Dans ces diverses filières, le sujet reste sensible puisque l’évolution des réglementations en faveur d’une plus grande incorporation de matières recyclées dans les produits textiles reste une préoccupation en France et à l’échelle de l’Union européenne. Selon le rapport annuel sur le marché des matériaux de l’ONG californienne Textile Exchange, « le polyester reste la fibre la plus produite au monde, représentant 59 % de la production mondiale de fibres en 2024, contre 57 % en 2023. En termes de volume, la production de fibres de polyester est passée de 71 millions de tonnes en 2023 à 78 millions de tonnes en 2024. » La part de PET recyclé se maintient aux alentours de 12 %, en sachant que « 98 % du polyester recyclé est encore principalement fabriqué à partir de bouteilles en plastique » et que les systèmes de recyclage textile-to-textile du polyester sont toujours en cours de développement. Les autres fibres de synthèse (polyamide, élasthanne, polypropylène, fibre acrylique) affichent des taux de recyclage compris entre 0,4 % et 3,2 % en 2024 d’après le rapport.

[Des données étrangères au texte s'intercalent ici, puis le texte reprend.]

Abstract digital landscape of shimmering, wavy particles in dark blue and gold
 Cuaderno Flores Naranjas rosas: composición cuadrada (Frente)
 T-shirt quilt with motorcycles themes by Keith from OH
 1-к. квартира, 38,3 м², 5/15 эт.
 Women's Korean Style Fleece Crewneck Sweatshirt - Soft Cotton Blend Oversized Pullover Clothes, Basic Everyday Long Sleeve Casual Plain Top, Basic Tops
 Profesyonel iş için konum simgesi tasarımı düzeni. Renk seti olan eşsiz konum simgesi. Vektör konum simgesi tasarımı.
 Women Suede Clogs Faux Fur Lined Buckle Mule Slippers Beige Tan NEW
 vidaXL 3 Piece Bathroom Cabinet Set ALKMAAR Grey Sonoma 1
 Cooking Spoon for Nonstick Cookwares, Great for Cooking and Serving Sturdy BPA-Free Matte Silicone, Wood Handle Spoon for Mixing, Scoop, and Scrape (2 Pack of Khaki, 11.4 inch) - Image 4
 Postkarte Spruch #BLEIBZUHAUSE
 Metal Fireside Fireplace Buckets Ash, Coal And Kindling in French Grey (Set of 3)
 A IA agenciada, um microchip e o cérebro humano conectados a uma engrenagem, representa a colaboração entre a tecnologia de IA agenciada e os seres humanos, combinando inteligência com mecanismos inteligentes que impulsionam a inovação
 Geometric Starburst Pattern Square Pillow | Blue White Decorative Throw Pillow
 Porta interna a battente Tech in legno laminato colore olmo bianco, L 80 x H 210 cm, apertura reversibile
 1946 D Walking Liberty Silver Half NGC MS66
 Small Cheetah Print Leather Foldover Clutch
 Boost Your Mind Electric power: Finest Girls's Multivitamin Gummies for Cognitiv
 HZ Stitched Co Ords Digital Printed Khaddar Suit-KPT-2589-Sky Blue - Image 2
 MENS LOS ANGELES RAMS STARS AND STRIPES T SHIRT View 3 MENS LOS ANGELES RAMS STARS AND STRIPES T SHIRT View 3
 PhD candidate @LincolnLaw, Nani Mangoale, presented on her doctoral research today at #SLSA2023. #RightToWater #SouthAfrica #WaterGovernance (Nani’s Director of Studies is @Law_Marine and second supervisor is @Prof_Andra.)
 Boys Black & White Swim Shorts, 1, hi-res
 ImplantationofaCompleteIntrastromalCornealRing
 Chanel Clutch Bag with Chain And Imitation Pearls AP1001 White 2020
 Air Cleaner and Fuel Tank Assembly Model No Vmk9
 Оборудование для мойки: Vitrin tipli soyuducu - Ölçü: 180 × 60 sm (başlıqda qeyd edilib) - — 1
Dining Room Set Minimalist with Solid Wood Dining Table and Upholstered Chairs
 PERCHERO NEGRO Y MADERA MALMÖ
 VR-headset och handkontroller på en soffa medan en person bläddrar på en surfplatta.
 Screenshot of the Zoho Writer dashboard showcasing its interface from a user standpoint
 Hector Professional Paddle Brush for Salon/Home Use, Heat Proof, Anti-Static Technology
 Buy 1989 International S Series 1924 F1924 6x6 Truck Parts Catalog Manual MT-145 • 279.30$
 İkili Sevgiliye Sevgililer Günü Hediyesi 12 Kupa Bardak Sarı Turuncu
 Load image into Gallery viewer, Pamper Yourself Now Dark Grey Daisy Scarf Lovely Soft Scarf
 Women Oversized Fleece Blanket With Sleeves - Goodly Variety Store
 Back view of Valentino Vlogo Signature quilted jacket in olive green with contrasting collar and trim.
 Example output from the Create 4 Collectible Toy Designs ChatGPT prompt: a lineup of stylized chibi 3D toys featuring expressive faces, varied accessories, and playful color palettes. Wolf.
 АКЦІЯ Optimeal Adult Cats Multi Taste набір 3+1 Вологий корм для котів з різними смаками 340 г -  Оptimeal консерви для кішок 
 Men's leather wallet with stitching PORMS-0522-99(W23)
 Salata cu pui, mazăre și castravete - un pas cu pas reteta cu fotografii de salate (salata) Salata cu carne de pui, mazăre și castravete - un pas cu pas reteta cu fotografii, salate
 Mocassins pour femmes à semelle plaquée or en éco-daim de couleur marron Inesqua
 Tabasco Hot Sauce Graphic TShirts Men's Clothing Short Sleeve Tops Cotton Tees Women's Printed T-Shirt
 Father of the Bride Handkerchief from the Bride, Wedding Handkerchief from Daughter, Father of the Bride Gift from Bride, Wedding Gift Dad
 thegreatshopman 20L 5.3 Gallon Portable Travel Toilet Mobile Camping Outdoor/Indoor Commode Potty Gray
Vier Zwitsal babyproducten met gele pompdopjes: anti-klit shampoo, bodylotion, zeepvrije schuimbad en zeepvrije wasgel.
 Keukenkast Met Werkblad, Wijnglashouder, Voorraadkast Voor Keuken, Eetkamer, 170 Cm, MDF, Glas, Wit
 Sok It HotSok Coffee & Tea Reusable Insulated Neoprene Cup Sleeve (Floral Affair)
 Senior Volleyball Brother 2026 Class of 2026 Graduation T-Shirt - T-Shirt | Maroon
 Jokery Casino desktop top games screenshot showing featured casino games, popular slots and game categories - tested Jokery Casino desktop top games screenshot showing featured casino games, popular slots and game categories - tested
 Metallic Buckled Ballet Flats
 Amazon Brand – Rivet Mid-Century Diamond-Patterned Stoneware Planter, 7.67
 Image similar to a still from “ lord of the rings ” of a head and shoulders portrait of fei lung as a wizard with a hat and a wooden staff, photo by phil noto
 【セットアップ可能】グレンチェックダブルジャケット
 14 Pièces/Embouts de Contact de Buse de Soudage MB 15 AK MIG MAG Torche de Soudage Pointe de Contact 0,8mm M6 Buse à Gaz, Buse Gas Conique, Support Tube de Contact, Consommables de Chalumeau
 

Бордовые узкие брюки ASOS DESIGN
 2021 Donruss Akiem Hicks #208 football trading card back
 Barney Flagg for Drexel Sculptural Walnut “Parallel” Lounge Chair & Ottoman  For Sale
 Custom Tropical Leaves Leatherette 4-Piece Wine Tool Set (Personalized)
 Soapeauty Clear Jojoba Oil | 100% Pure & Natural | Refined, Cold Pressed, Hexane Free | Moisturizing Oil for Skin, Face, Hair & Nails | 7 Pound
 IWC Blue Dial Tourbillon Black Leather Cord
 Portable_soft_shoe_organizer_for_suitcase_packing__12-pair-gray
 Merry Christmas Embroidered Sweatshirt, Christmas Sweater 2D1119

L’urgence des filières de recyclage textiles
En France, selon le bilan annuel de l’Ademe sur la filière des textiles neufs d’habillement, linge de maison et chaussures (TLC) basé sur les données de l’éco-organisme ReFashion, près de 811 500 tonnes de TLC neufs ont été mis sur le marché en 2023. Mais seulement 268 000 tonnes de TLC ont été collectés par des opérateurs conventionnés avec l’éco-organisme, ce qui représente un taux de collecte de près de 36 %, en deçà des chiffres de 2022. Au final, seulement 180 000 tonnes de TLC, convenablement triés, ont intégré des voies de valorisation, avec 59 % de réutilisation et 33 % de recyclage. La structuration d’une chaîne de valeur autour du recyclage doit aussi composer avec l’augmentation massive des déchets textiles ces quinze dernières années, tirée par le développement rapide de l’ultra fast fashion, couplé à la fermeture progressive de débouchés à l’export pour les vêtements de seconde main, notamment à destination de l’Afrique. En 2022, le ministère de la Transition écologique a lancé une feuille de route 2023-2028 pour la filière. Le plan prévoyait un milliard d’euros de financements grâce aux éco-contributions des producteurs avec l’objectif – très ambitieux à l’époque – d’atteindre, dans cinq ans, 60 % de textiles collectés et 80 % de textiles recyclés.